To those of you with such a selective memory, our Membership Secretary would very much like to hear from you!



Rae Street has some good news and some bad news on the subject of trees.

Members of the Civic Trust have always cared passionately about trees. Among other schemes we started a tree nursery and helped with a new planting, ‘Barker’s Wood‘.

Drawing: Person planting a tree

I remember when we followed a national slogan, ‘Plant a tree in '73‘ and ‘Plant some more in '74’. One of our initiatives then was to ask each church in Littleborough if it could plant a tree for us. Many did take an ornamental tree given and planted by what was then our new Local Authority. Sadly, because of closure of churches and chapels and redevelopment, many of those plantings have gone. One or two still remain. Look out for them; there is a flowering cherry for example behind the United Reform church in the centre of Littleborough.

It's not only redevelopment but vandalism from which trees suffer. Readers will recall the cutting down of the Christmas Tree in the . Square. At the same time one of the trees, a winter flowering cherry which was in full bloom last spring, planted by our M.P. Lorna Fitzsimons, was chopped on the same night by, presumably the same gang. However, thanks to the RMBC Tree Officers, we now have a new holly (see Winter '98 Newsletter) planted as a replacement and an Acer alongside the large light. We have written to thank RMBC Ground Maintenance Department.

You will read on another page about the Shorehurst tree planting. However we are always on the look out for new sites, so do give one of the Committee members a ring if you have any ideas on where a tree or trees could be planted.


Littleborough Civic Trust Footpath Group

Spring 1999 Walks Programme

Sunday 14th March - Thieveley Pike Circular (5 miles)
Meet at Littleborough Square at 1.30pm. Cars to Ratten Clough Car Park
Leader: Michael Farrell

Sunday 28th March - Strongstry — Shuttleworth — Plunge (5.75 miles)
Meet at Littleborough Square at 1.30pm. Cars to Exchange Street, Edenfield
Leader: Joe Taylor

Sunday 11th April - Around Midgely Moor (5 miles)
Meet at Littleborough Square at 1.30pm. Cars to Mytholmroyd
Leader: Geoff. Sutcliffe

Sunday 25th April - Mams Head Circular (5.5 miles)
Meet at Littleborough Square at 1.30pm.
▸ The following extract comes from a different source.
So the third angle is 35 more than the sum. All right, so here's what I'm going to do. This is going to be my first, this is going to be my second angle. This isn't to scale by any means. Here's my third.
Cars to layby before Baiting’s Dam
Leader: Harry Radcliffe

Sunday 9th May - Whitworth Boundary Walk (14 miles)
Meet at Whitworth Museum, North Street at 10.00am
Leader: A. Schofleld


Round Hallfold (4.5 miles)
Meet at Whitworth Museum, North Street at 2.00pm
Leader; B. Taylor

Sunday 23rd May - Wharfedale Circular (10 miles)
Meet at Littleborough Square at 9.00am.
Leader: Geoff. Sutcliffe


Local Walk
Meet at Littleborough Square at 2.00 p.m.
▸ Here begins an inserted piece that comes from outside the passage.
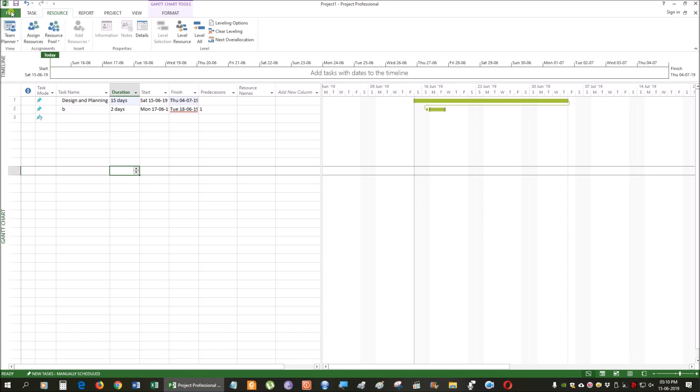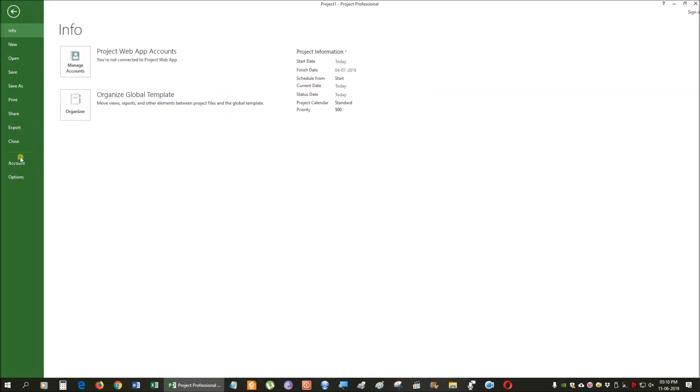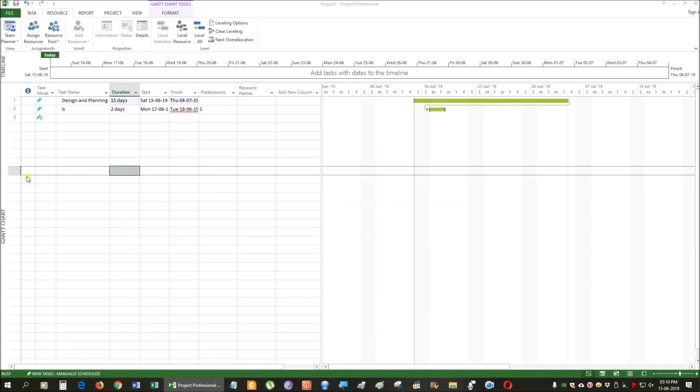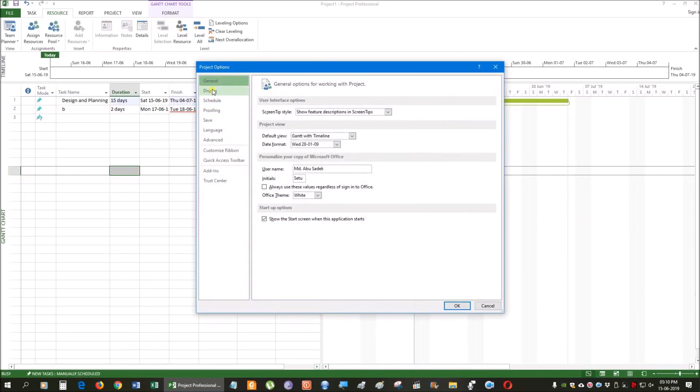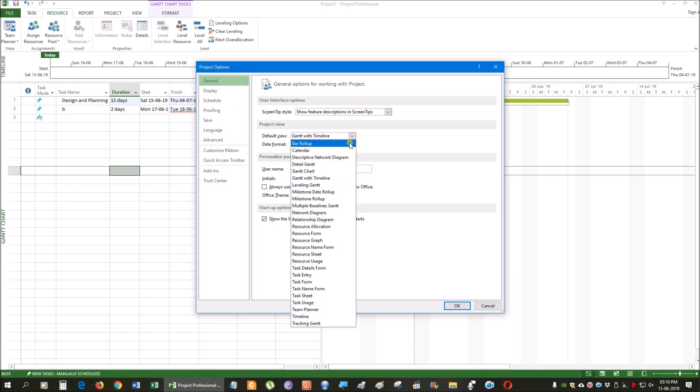We have to use the general option, which is the default view, the detail, and the resource sheet.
Sunday 6th June - Kelbrook Moor (7 miles)
Meet Littleborough Square at 1.00pm.
Leader: David Costa

Sunday 20th June - Pennine Way — Windy Hill - Rough Road (7 miles)
Meet at Roman Road Car Park, Blackstone Edge at 1.45pm.
Leader: Michael Farrell

Sunday 4th July - Local Walk (4 — 5 miles)
Meet Littleborough Square at 2.00 pm.
Leader: Kevin Kiernan

Please note that dogs are not allowed on these walks.